Consider the set A={x,y}. We are considering the group F_{2}=(F[A], *), where * refers to the operation of concatenation followed by reduction. An example of * is as follows: y^{-4}*y^{7}=y^{-4}y^{7}=y^{3}. From this point forward, we will abuse notation and suppress the * when referring to this group. We will define F[A] soon.

What does it mean for a group to be free?

For our purposes, our group is free in that it has no constraints. For instance, in class we considered the group generated by two elements, *a* and *b*, where a^{2}=e, b^{2}=e, and (ab)^{4}=e. The free group with two generators has no such constraints, and is consequently very large.

Terminology:

Now, we will introduce several bits of terminology.

A **syllable** is anything of the form x^{n}, y^{n}, where n is an element of $\Bbb{Z}$.

A **word** is a string of syllables

A **reduced word** is a string of syllables where all possible cancellations have been made, i.e. x^{-4}x^{12}y^{4}y^{-5}=x^{8}y^{-1}.

What we are really studying is the set of all reduced words generated by x and y added to the empty word 1. We shall denote this set by F[A].
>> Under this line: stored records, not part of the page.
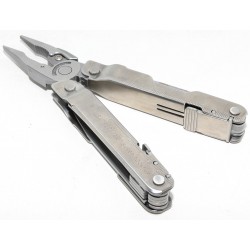 NAVAJA LEATHERMAN SUPER TOOL 300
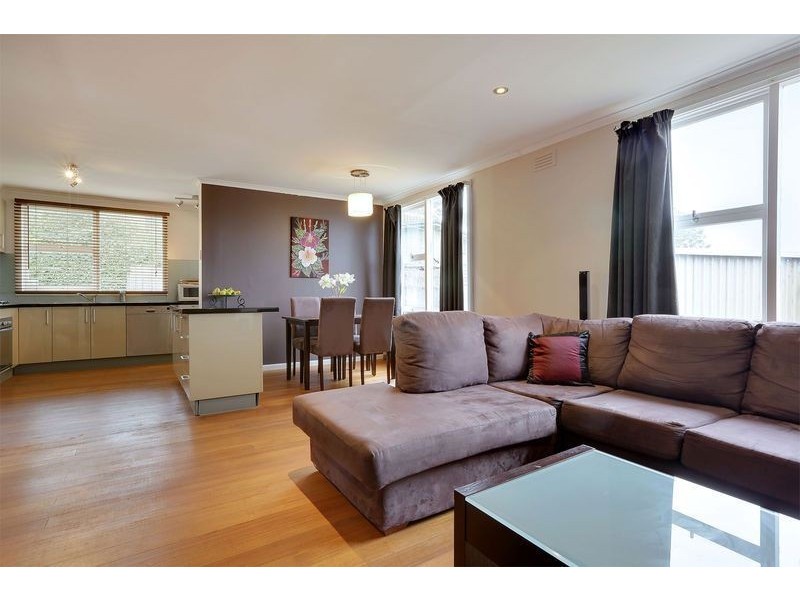 47 Darri Street, Mornington TAS 7018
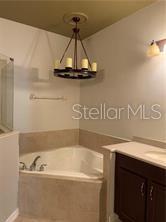 2095 Velvet Leaf Dr Property Photo 10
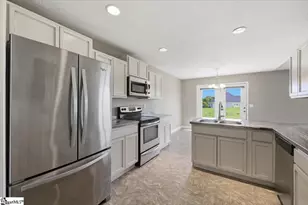 301 W Gap Creek Rd, Greer, SC 29651 - Photo 13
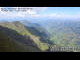 Webcam in Rauris, 5.1 km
We will now prove that F_{2} is a group.

Associativity:

Let w_{1}=a_{1}^{n1}…a_{m}^{nm}, and let w_{2}=b_{1}^{p1}…b_{k}^{pk}, and let w_{3}=c_{1}^{l1}…c_{q}^{lq}

It is clear that (w_{1}w_{2})w_{3}=w_{1}(w_{2}w_{3}), because the "timing" of when certain words are concatenated is not important, so long as they appear in the same order. After words are concatenated (regardless of "when" they are concatenated) they can then be reduced as much as possible. Consider that (w_{1}w_{2})w_{3}=(a_{1}^{n1}…a_{m}^{nm}b_{1}^{p1}…b_{k}^{pk})c_{1}^{l1}…c_{q}^{lq}=a_{1}^{n1}…a_{m}^{nm}b_{1}^{p1}…b_{k}^{pk}c_{1}^{l1}…c_{q}^{lq}=a_{1}^{n1}…a_{m}^{nm}(b_{1}^{p1}…b_{k}^{pk}c_{1}^{l1}…c_{q}^{lq})=w_{1}(w_{2}w_{3}).
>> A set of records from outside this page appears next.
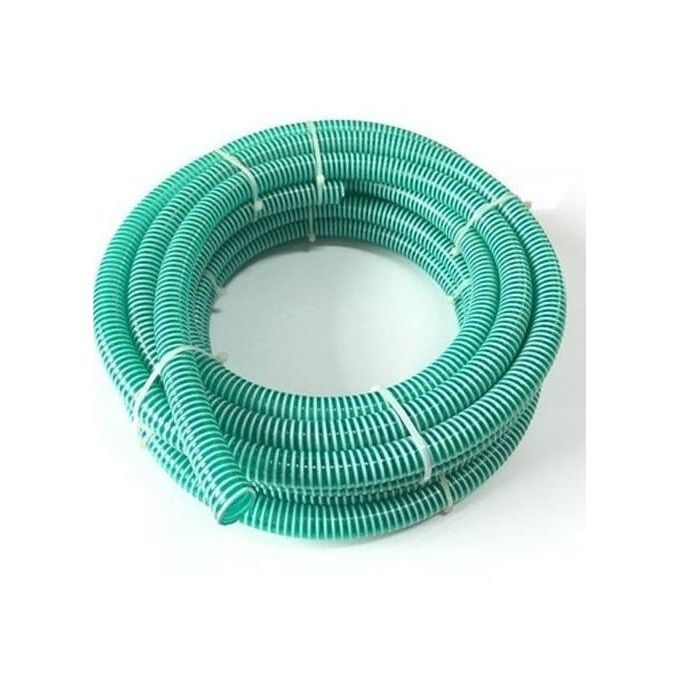 SUCTION PIPE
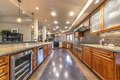Additional image 4 of 11710 Tinkers Lndg, Truckee, CA, 96161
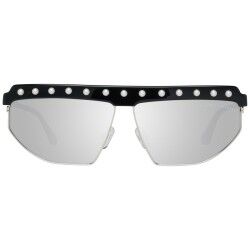 Occhiali da sole Donna Victoria's Secret VS0018-6401C Ø 64 mm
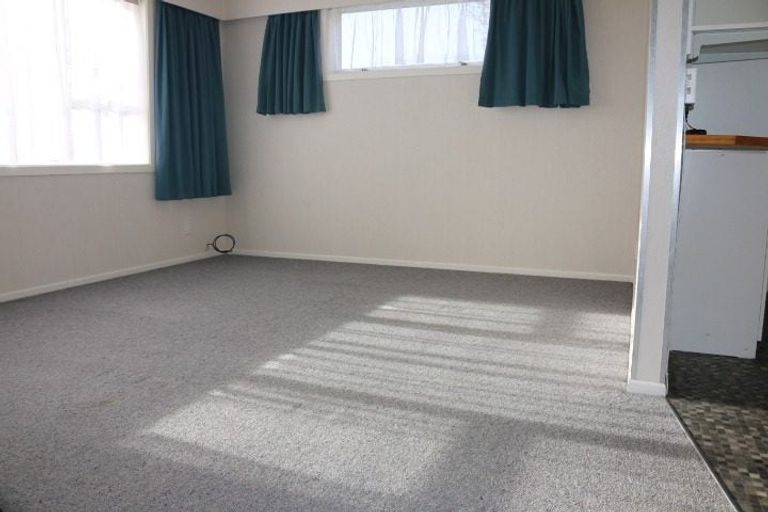 Photo of property in 172a Ruahine Street, Roslyn, Palmerston North, 4414
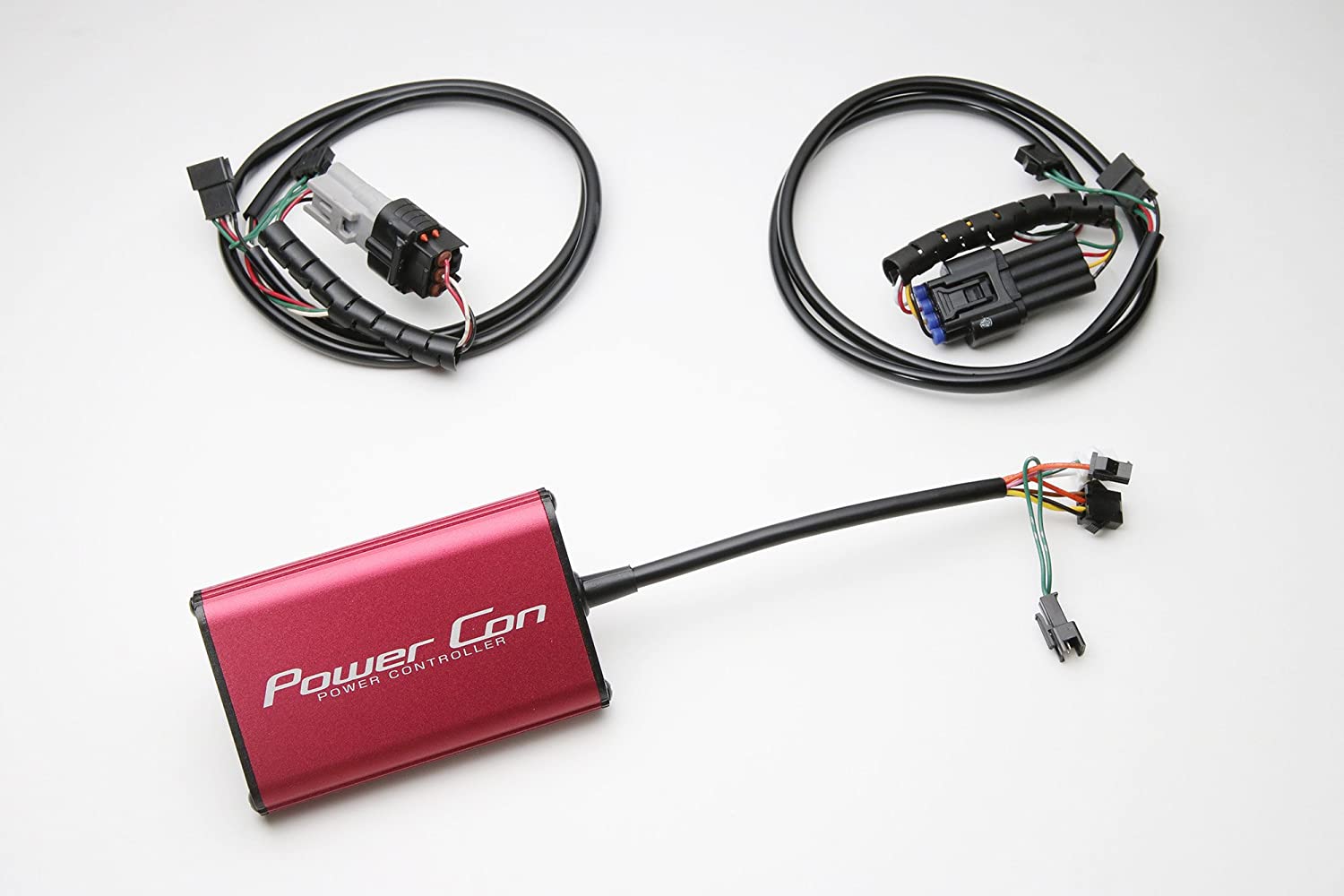 ブリッツ eKクロス B35W, B38W パワコン パワーコントローラー BPC26 BLITZ 経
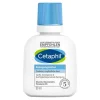 Cetaphil Reinigungslotion, 60 ml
Note that these words are as reduced as possible unless a_{m} = b_{1} or b_{k} = c_{1}.

Identity:

By our definition of F[A], the identity element is the empty word, 1. To be sure that it is the identity, we can check that for w $\in$ F[A], 1(w)=(w)1=w, and as such, 1 is the identity. (Note that concatenating 1 with any word does not change the word in any way).

Inverses:

For any w $\in$ F[A], w^{-1} is formed simply by reversing the order of the syllables of w, and then inverting every syllable. Concatenating w with w^{-1} allows for the pairwise cancellation of every syllable of n_{i} with its inverse n_{i}^{-1}.
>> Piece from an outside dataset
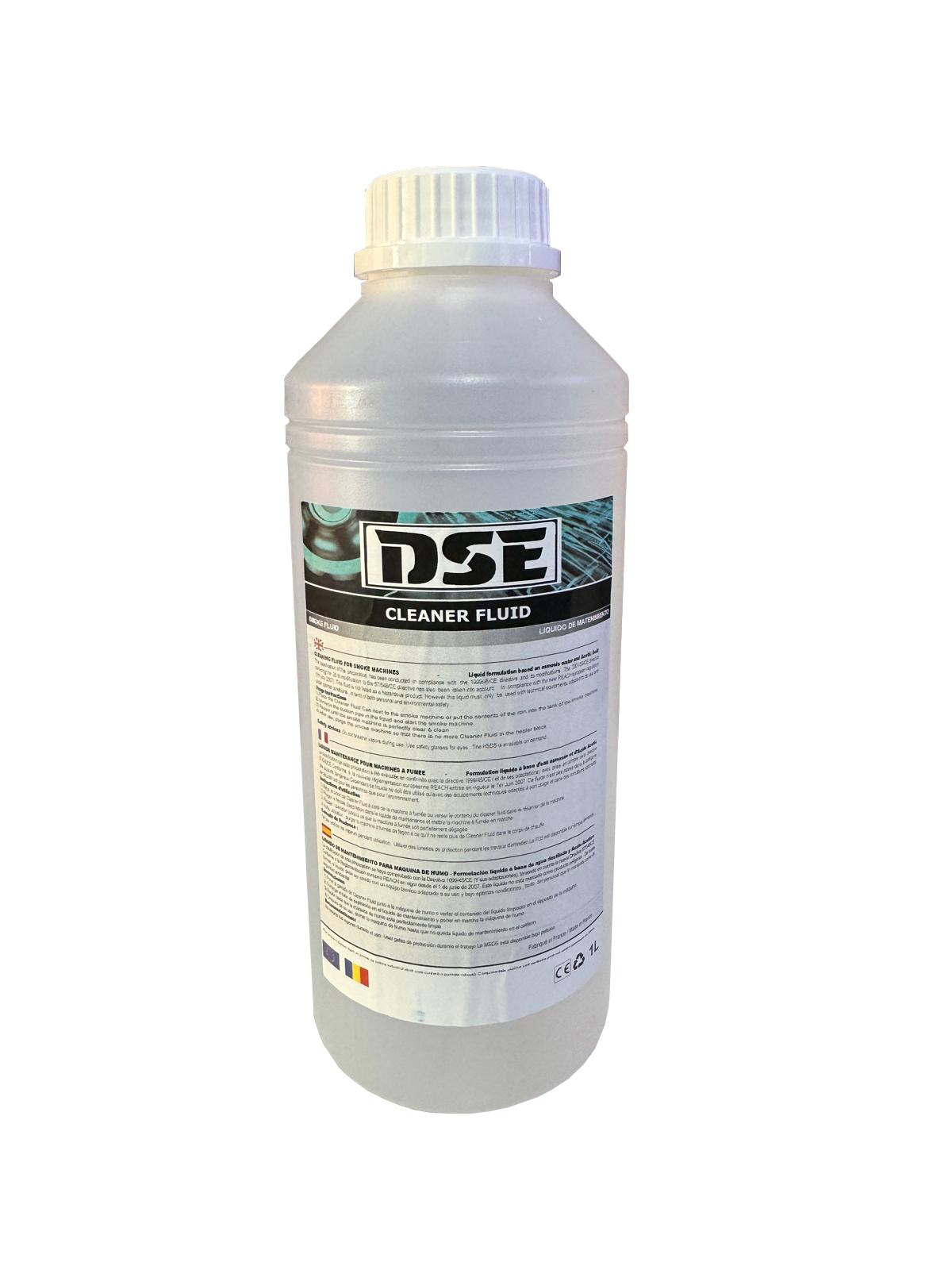 ps-products-22884-64519 DSE Cleaning Fluid - imagine 1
Since F[A] is associative under concatenation, since it has an identity, and since all of its elements have inverses, F[A] is a group.

**Subgroup**

Note that a subgroup of the free group with two generators is the free group with one generator.

Consider the set P={x^{n} |n $\in$ $\mathbb{Z}$}. Note that every element of this set is also in the set of the free group generated by two elements, because every element can be written as x^{n}y^{0}, where 0 is fixed.

We shall now prove that this set is indeed a subgroup.

**Closure**: Let *a* and *b* be elements of P. Then, a=x^{r} and b=x^{s}. Then, ab=x^{r+s}, which is an element of P, since r+s is an integer.

**Identity**: x^{0} is an element of P because 0 is an integer.

**Inverses**: Let c be an element of P. Then c=x^{f} where f is an integer. Note that x^{-f} =g is also in P, since -1 is an integer. Then, notice that fg=e. As such, inverses exist for all elements of P.

Since P is closed, contains the identity, and contains inverses, P is a subgroup.

**Coset**

Since P is infinitely large, and since there are infinitely elements that are in F_{2} and not in P, there are infinitely many cosets of P. Let us consider left cosets, in particular. All left cosets of P will be of the form k(P), where k is an element of F_{2} but not in P. Then, the cosets are all elements of P multiplied by some k. For example, consider some k_{i}. k_{i}(P)=(…k_{i}x^{-2}, k_{i}x^{-1}, k_{i}k^{0}, k_{i}x^{1}, k_{i}x^{2},…).